*Extracted information:*
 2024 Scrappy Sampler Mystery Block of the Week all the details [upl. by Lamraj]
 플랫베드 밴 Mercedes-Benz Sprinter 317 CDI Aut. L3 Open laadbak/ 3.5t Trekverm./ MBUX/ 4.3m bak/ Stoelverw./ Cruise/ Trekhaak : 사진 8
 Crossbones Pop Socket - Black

* * *

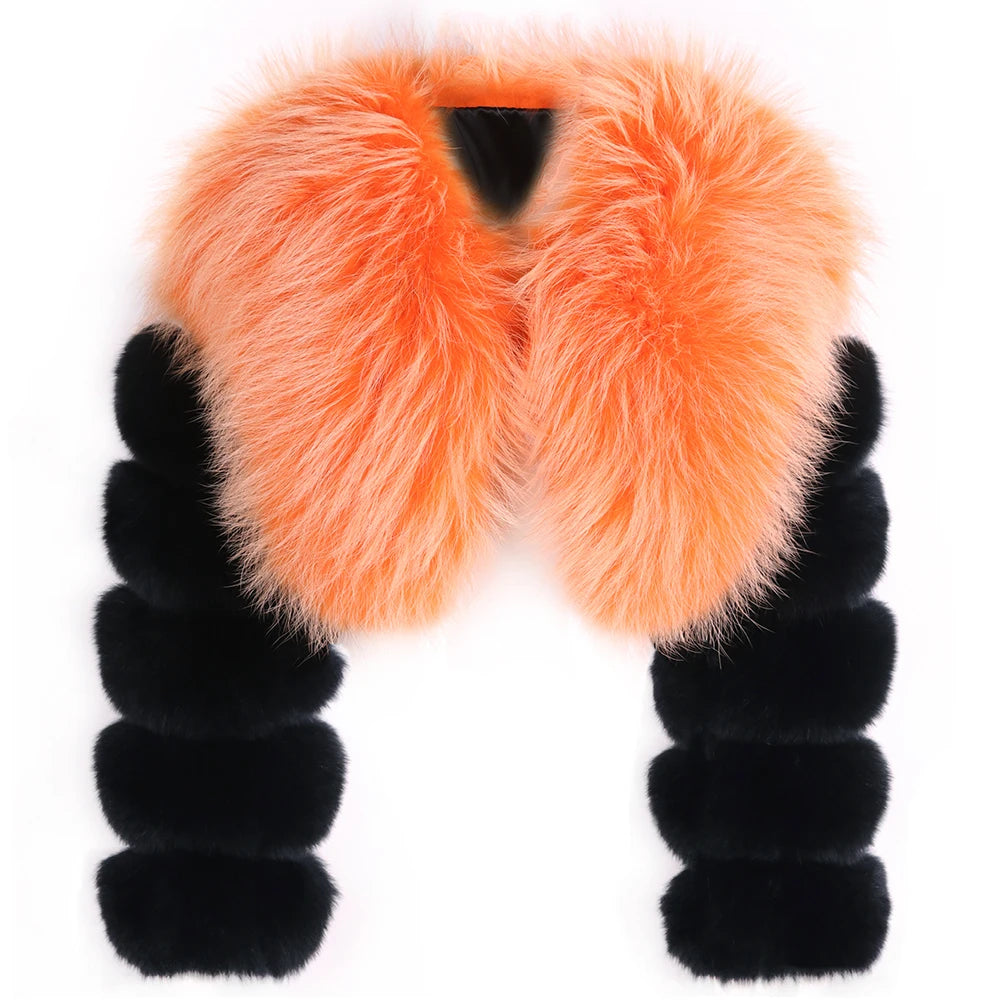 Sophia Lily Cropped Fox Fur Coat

*Exercise directions:* Within the material above, output exactly the lines from the one with "2024 Scrappy Sampler" through the one with "Crossbones Pop Socket - Black", end lines included, and nothing besides.

*Your solution:*
 2024 Scrappy Sampler Mystery Block of the Week all the details [upl. by Lamraj]
 플랫베드 밴 Mercedes-Benz Sprinter 317 CDI Aut. L3 Open laadbak/ 3.5t Trekverm./ MBUX/ 4.3m bak/ Stoelverw./ Cruise/ Trekhaak : 사진 8
 Crossbones Pop Socket - Black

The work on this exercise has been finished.